Regional stocks took middling cues from a mostly negative overnight session on Wall Street, where major technology stocks continued to fall after a couple of underwhelming earnings from the sector. But their pace of losses now appeared to be easing, while U.S. stock index futures also rose in Asian trade.
Markets took some positive cues from stronger-than-expected second-quarter U.S. GDP data. Focus was also squarely on upcoming PCE price index data, which is the Federal Reserve’s preferred inflation gauge, for more cues on interest rate cuts.
Tech-heavy Asian bourses rose on Friday, with South Korea’s KOSPI adding 0.9%, while Hong Kong’s Hang Seng index rose 0.7%. Japan’s Nikkei 225 index added 0.5%, with all three indexes recovering a small measure of steep losses this week.
The three were down between 1.8% to 5.2% this week, with the Nikkei seeing the worst declines.
The tech sector steadied after extended profit-taking and a shift into more economically sensitive sectors battered valuations over the past week. Losses were worsened by underwhelming earnings from major U.S. tech companies.
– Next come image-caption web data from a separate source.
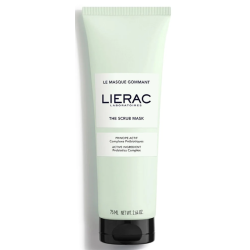 LIERAC MASCHERA ESFOLIANTE 75 ML 2022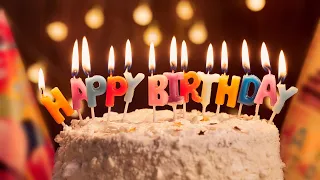 I Wish you Happy Happy Birthday Song 🥳 | Happy Birthday Wishes, Greeting Videos, Whatsapp Status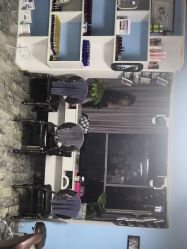 -佛伦斯接发烫染国际连锁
Taiwan chipmaker TSMC (TW:2330) (NYSE:TSM) was an outlier in Asian tech on Friday, with the firm’s Taipei shares tumbling nearly 7% after a two-day holiday in Taiwan due to Typhoon Gaemi.
Japanese stock markets were the worst performers in Asia this week, with growing uncertainty before a Bank of Japan meeting next week also adding to selling pressure.
The Nikkei and the broader TOPIX both sank over 5% this week.
Middling consumer price index data for Tokyo added to this uncertainty on Friday. The reading showed a core gauge of underlying inflation fell sharply in July, which could give the BOJ less headroom to hike interest rates.
Markets are largely split over whether the BOJ will hike rates by 10 basis points next week.
Among broader Asian markets, Chinese stocks continued to lag their peers, with the Shanghai Shenzhen CSI 300 and Shanghai Composite indexes both falling slightly and remaining at five-month lows.
The two indexes were also down between 3% and 4% this week, having taken little support from surprise interest cuts by the People’s Bank.
Australia’s ASX 200 rose nearly 1%. The index, along with India’s Nifty 50, was the best performer in Asia this week, with both indexes nursing a weekly decline of only 0.5%. The two benefited from flows into more economically-sensitive sectors, as investors positioned for lower interest rates this year.
Nifty futures pointed to a flat open for the index, which did see some measure of profit-taking this week, while investors also reacted negatively to an increase in India’s capital gains tax rates under the 2024 union budget.
Still, the Nifty and the BSE Sensex 30 retained a bulk of gains made through July, where they hit a series of record highs on optimism over Indian economic growth.